Facing potentially deep budget cuts to U.S. foreign aid, new USAID administrator Mark Green says he needs to do more with less and prove to President Donald Trump that development assistance can further his “America First” agenda.
In a first meeting with Trump back in January, Green made his pitch to the then president-elect, drawing from his experience in Central America to explain how U.S.-funded programs there could help slow the number of immigrants trying to enter the United States illegally.
“I said ‘Mr. President-elect, I believe our development tools can help us achieve just about every one of your strategic priorities,'” Green told Reuters in his first interview since starting last week as head of the U.S. Agency for International
Development.
Green had previously worked on U.S-supported projects with indigenous mayors in Guatemala, Honduras and El Salvador to improve living conditions “so kids hopefully don’t go 1,000 miles through the worst conditions imaginable and jump the border.”
“It works and is a great way to use development,” he said, sitting in a still bare office at USAID headquarters blocks from the White House.
Green brings a unique resume to the job: a former four-term Republican congressman from Wisconsin who served as U.S. Ambassador to Tanzania under President George W. Bush. In his last job as head of the International Republican Institute, he helped promote governance and democracy overseas.
His time on Capitol Hill will be key to his new job. In a sign of his good standing there, Green’s nomination had support across the political spectrum, as well as among aid groups.
Trump staked out his position on foreign aid on the campaign trail, casting it as a waste of U.S. tax dollars. And now his administration has proposed slashing the budget for foreign aid by a third, which could gut programs across a range of issues including health, governance, gender and education.
But U.S. foreign assistance has traditionally garnered bipartisan support in Congress, which controls the aid purse strings. Green has stronger relations with lawmakers than his predecessors, who battled Congress on funding and objectives.
“What’s very different for Mark Green is that his strongest allies are on the Hill,” said Scott Morris, a senior fellow at the Center for Global Development in Washington. “Where he faces headwinds are with both the White House and the State Department.”
“There is a real potential for conflicts in basic philosophy about what USAID does,” added Morris.
Green is nevertheless sanguine about prospects for a downsized, budget-constrained USAID.
“We can’t do everything,” he said. “The resources are limited, so we have to prioritize.”
Green takes over an agency that has already been through waves of reform in the last decade, adapting to shifting global development patterns featuring deep-pocket philanthropic groups, more private-sector investment in emerging economies, and the rise of China as a financier in the developing world.
New demands have emerged with an unprecedented refugee crisis from wars in Syria and Iraq, along with famine in Africa, and growing violent extremism.
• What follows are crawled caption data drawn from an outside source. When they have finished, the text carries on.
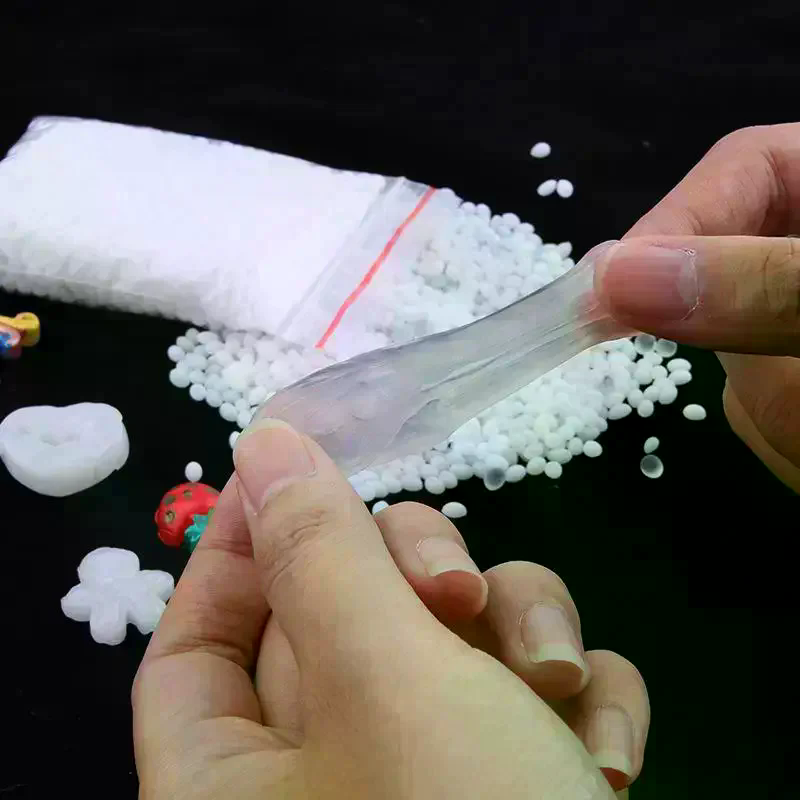100/200g 성형 가능한 레진 클레이 펠릿, 열 가 - Resin Art Clay 리뷰 및 가격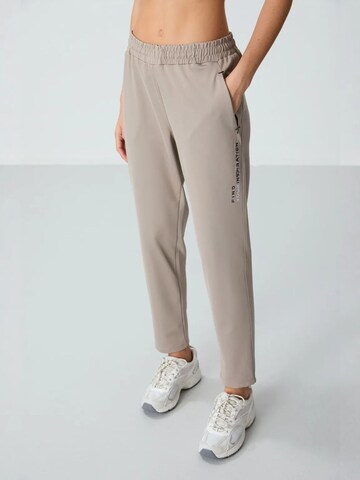 Survêtement Tommy Life en beige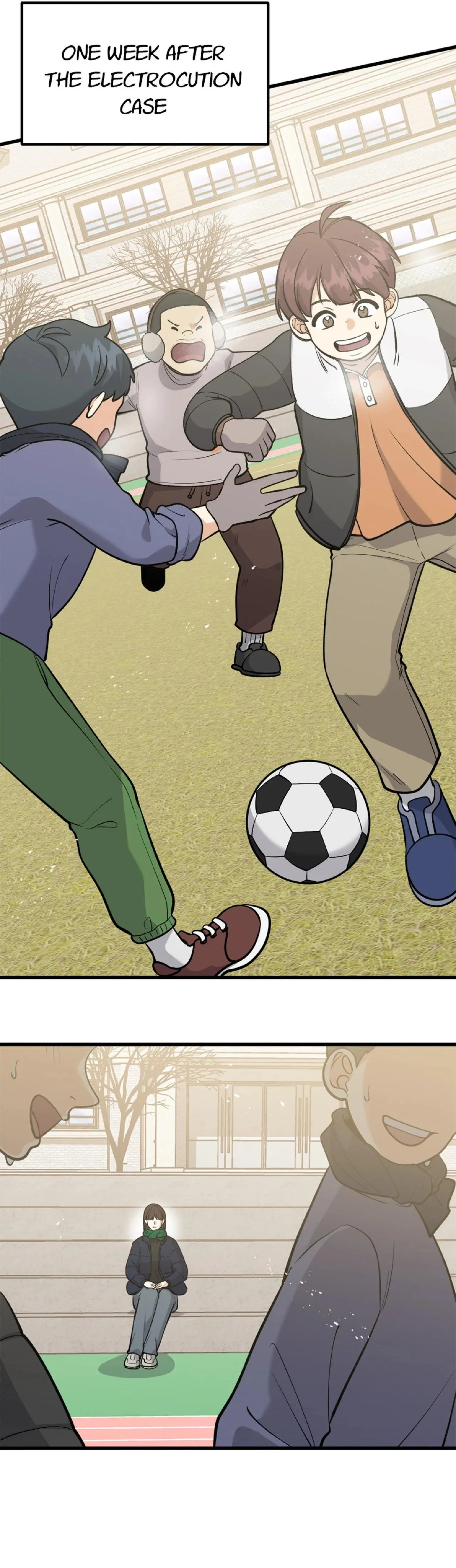 Scorpion Time Chapter 36 page 52 -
“USAID’s humanitarian work is unrivaled, it is mobilization of American generosity, and it will continue,” Green said, adding that U.S. assistance should both help in times of crisis and prevent crises from occurring.
He wants U.S. foreign assistance to focus on results to show Americans that their tax-dollars are being put to good use.
“I am going to ask every program to show me how it is moving us closer to the day when people can lead themselves,” said Green. “If it is not helping, they’re going to have to tell me why.”